--- START ---
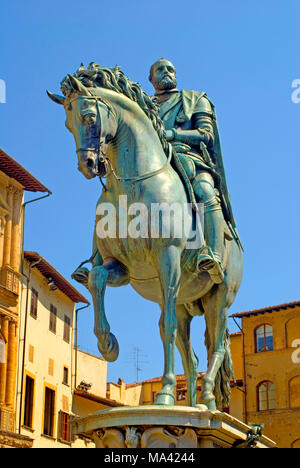 Firenze, Toscana, Italia. Monumento equestre di Cosimo I del Giambologna - 1595) in Piazza della Signoria Foto Stock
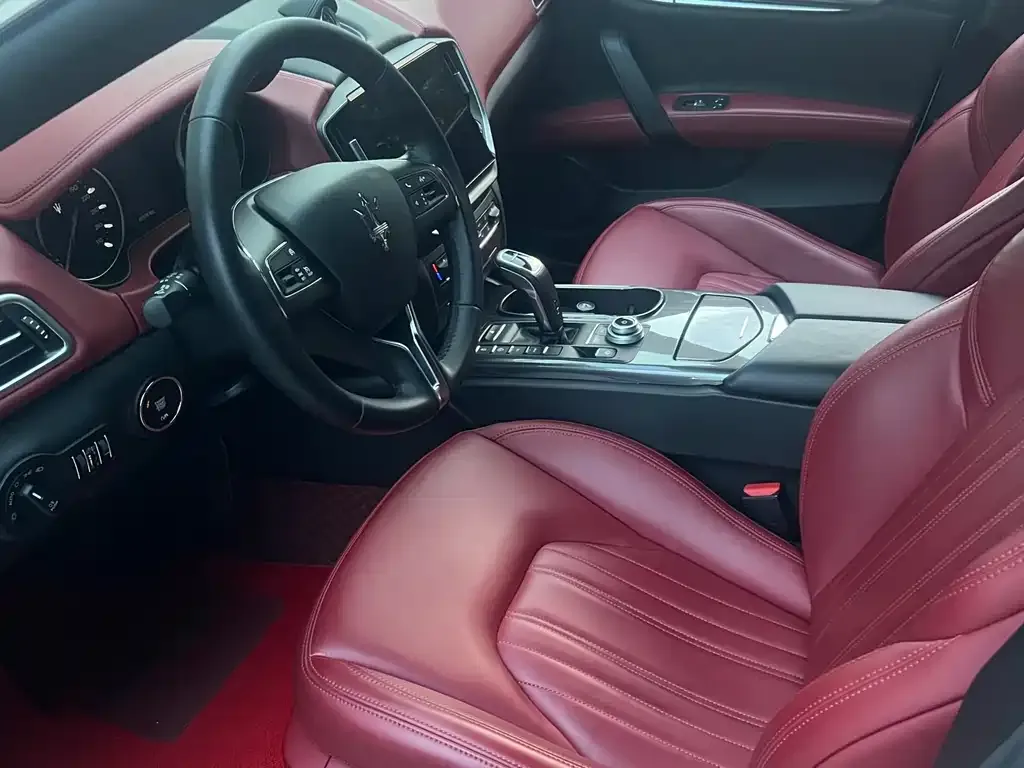 Maserati Ghibli — фото 7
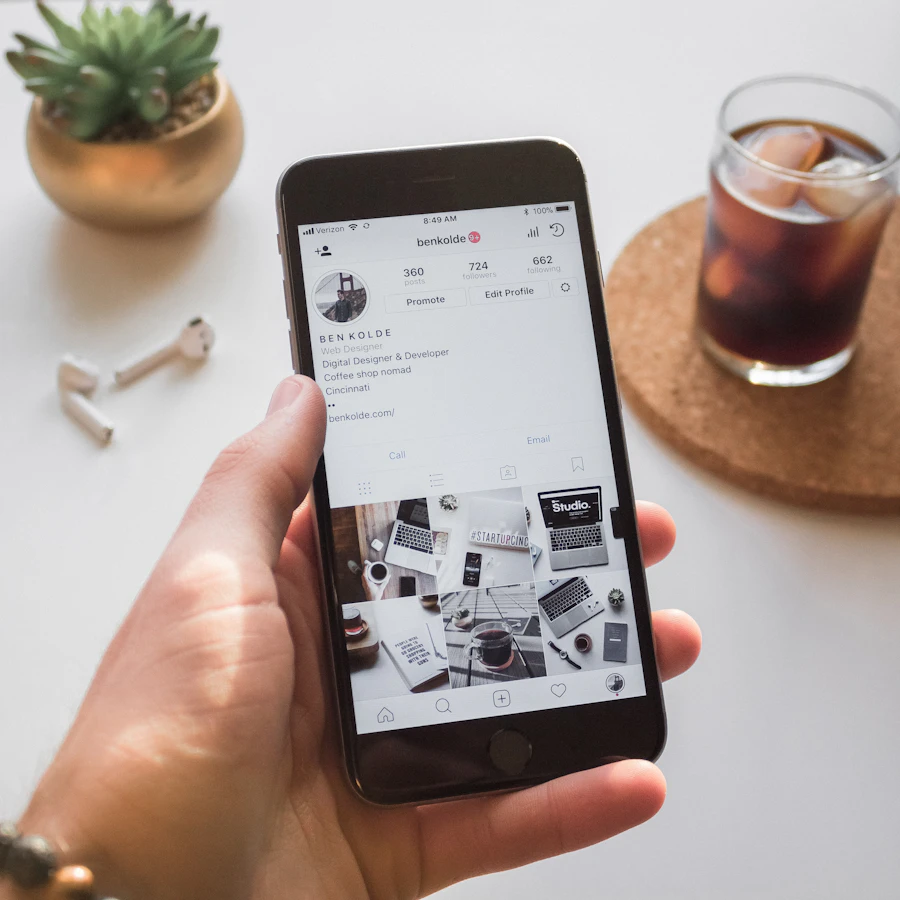 Hand hält ein Smartphone mit einem Social-Media-Profil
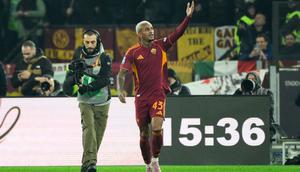 Pemain AS Roma, Wesley, merayakan gol yang dicetaknya ke gawang Como 1907 dalam laga giornata 15 Serie A Liga Italia 2025/2026 di Stadion Olimpico, Roma, Selasa (16/12/2025) dini hari WIB. (Fabrizio Corradetti/LaPresse via AP)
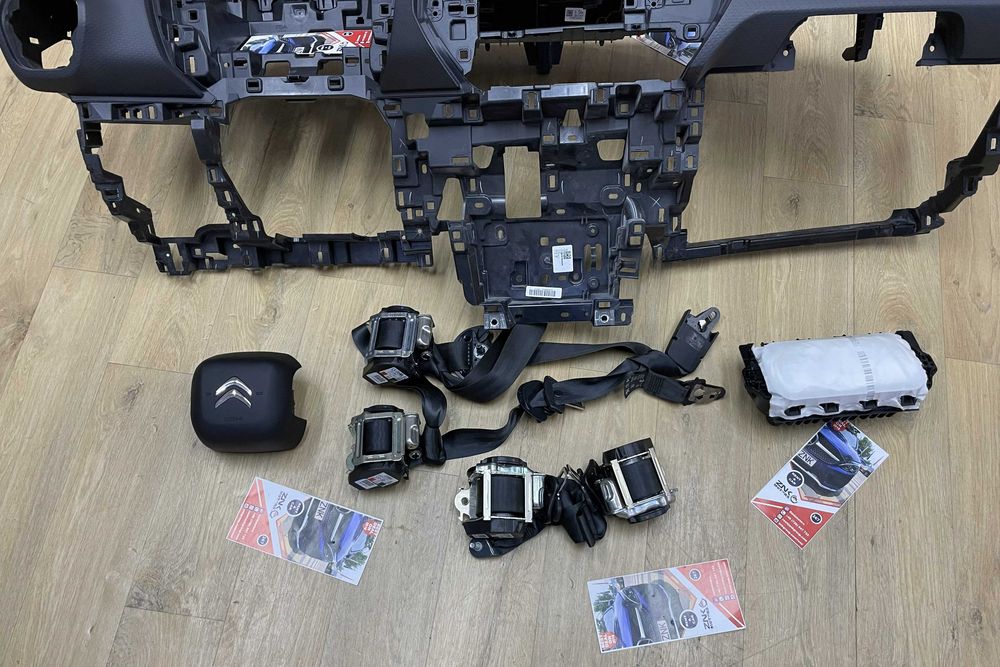 Citroen C4 III - plansa de bord - kit airbag -  centuri de siguranta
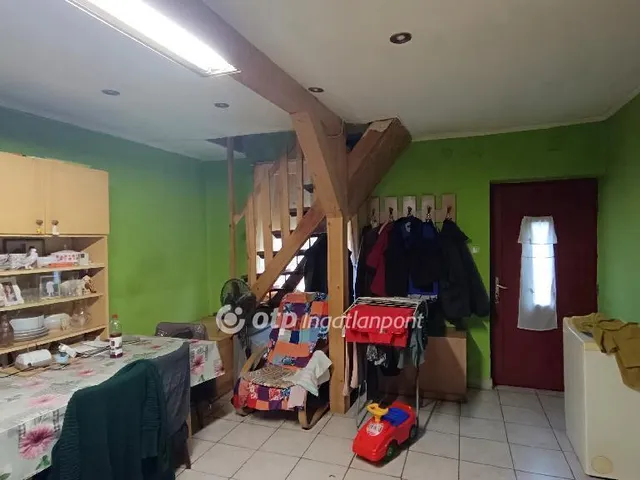 Eladó ház Lőrinci 200 nm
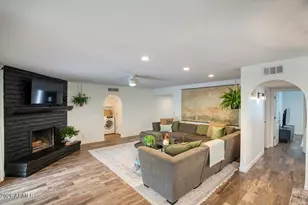 4378 E Pearce Rd, Phoenix, AZ 85044 - Photo 5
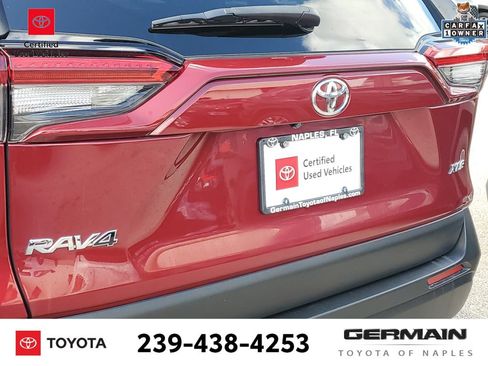 Used 2024 Toyota RAV4 XLE w/ Convenience Package FWD image 18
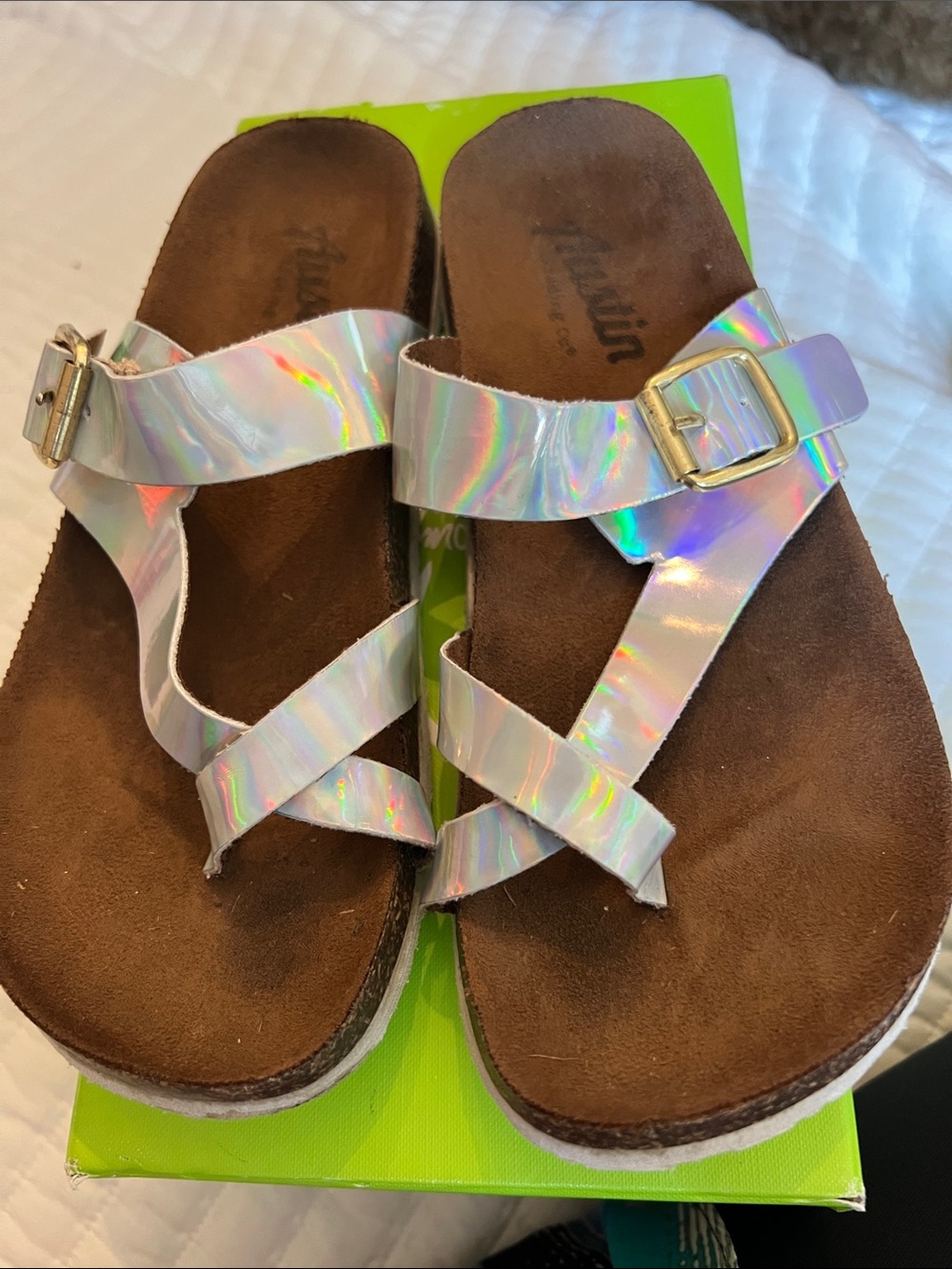 Girls' Holographic Strap Toe-Loop Sandals - Iridescent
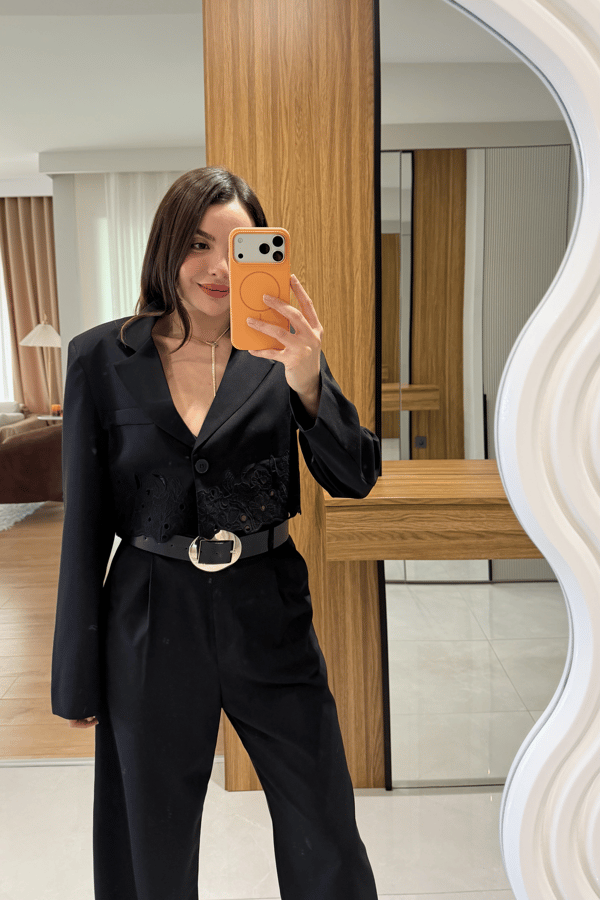 Vivica Siyah Nakışlı Blazer Ceket
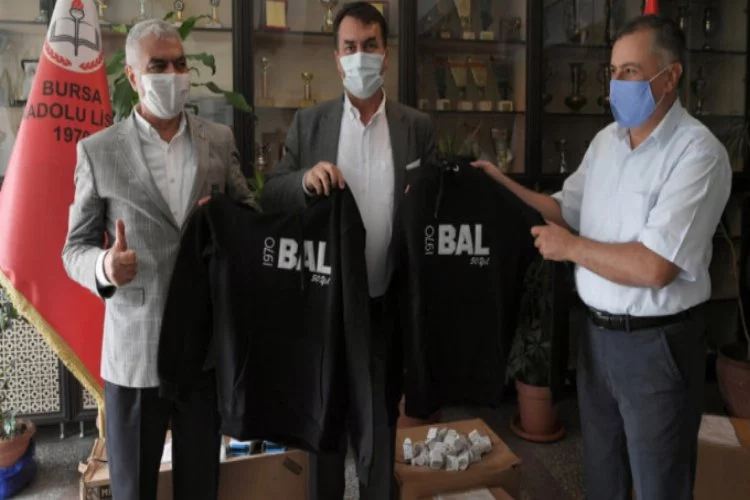 Bursa Osmangazi Belediye Başkanı Dündar'dan uzaktan eğitime destek
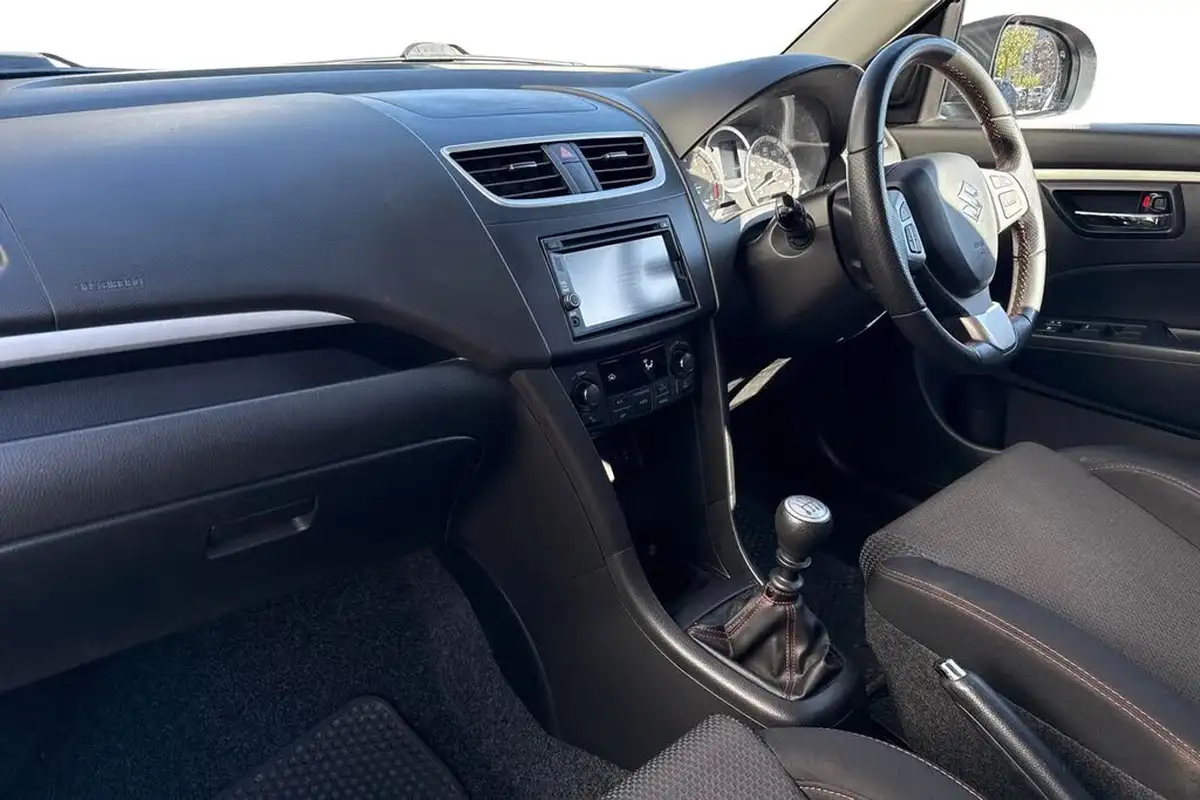 2016-suzuki-swift-16-sport-5d-big-8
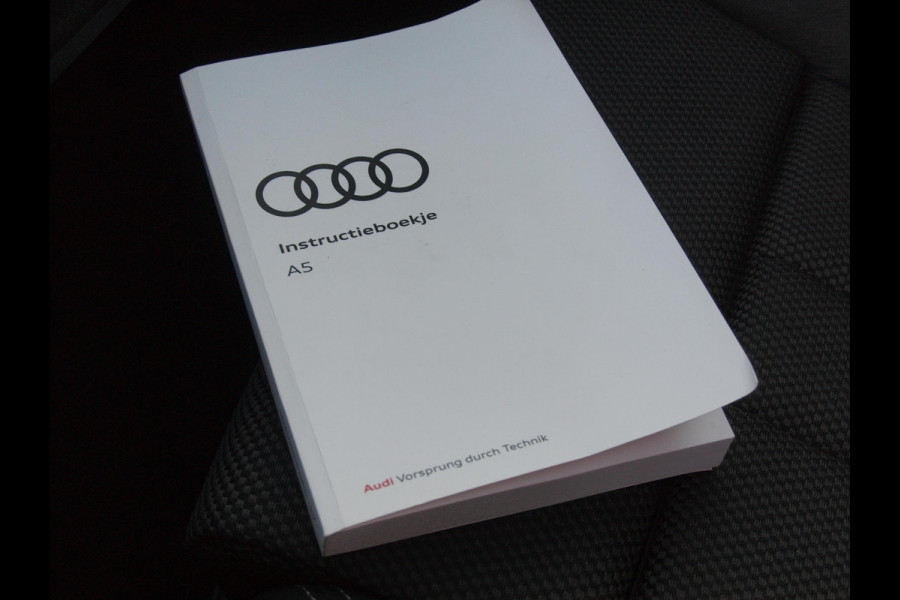 Audi A5 Sportback 35 TFSI S edition Competition | Panoramadak | Sfeerverlichting | Apple Carplay | Virtual Cockpit |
--- END ---
Work request: Every record above, copied exactly and without a single picture, makes up the answer.

Worked solution:
 Firenze, Toscana, Italia. Monumento equestre di Cosimo I del Giambologna - 1595) in Piazza della Signoria Foto Stock
 Maserati Ghibli — фото 7
 Hand hält ein Smartphone mit einem Social-Media-Profil
 Pemain AS Roma, Wesley, merayakan gol yang dicetaknya ke gawang Como 1907 dalam laga giornata 15 Serie A Liga Italia 2025/2026 di Stadion Olimpico, Roma, Selasa (16/12/2025) dini hari WIB. (Fabrizio Corradetti/LaPresse via AP)
 Citroen C4 III - plansa de bord - kit airbag -  centuri de siguranta
 Eladó ház Lőrinci 200 nm
 4378 E Pearce Rd, Phoenix, AZ 85044 - Photo 5
 Used 2024 Toyota RAV4 XLE w/ Convenience Package FWD image 18
 Girls' Holographic Strap Toe-Loop Sandals - Iridescent
 Vivica Siyah Nakışlı Blazer Ceket
 Bursa Osmangazi Belediye Başkanı Dündar'dan uzaktan eğitime destek
 2016-suzuki-swift-16-sport-5d-big-8
 Audi A5 Sportback 35 TFSI S edition Competition | Panoramadak | Sfeerverlichting | Apple Carplay | Virtual Cockpit |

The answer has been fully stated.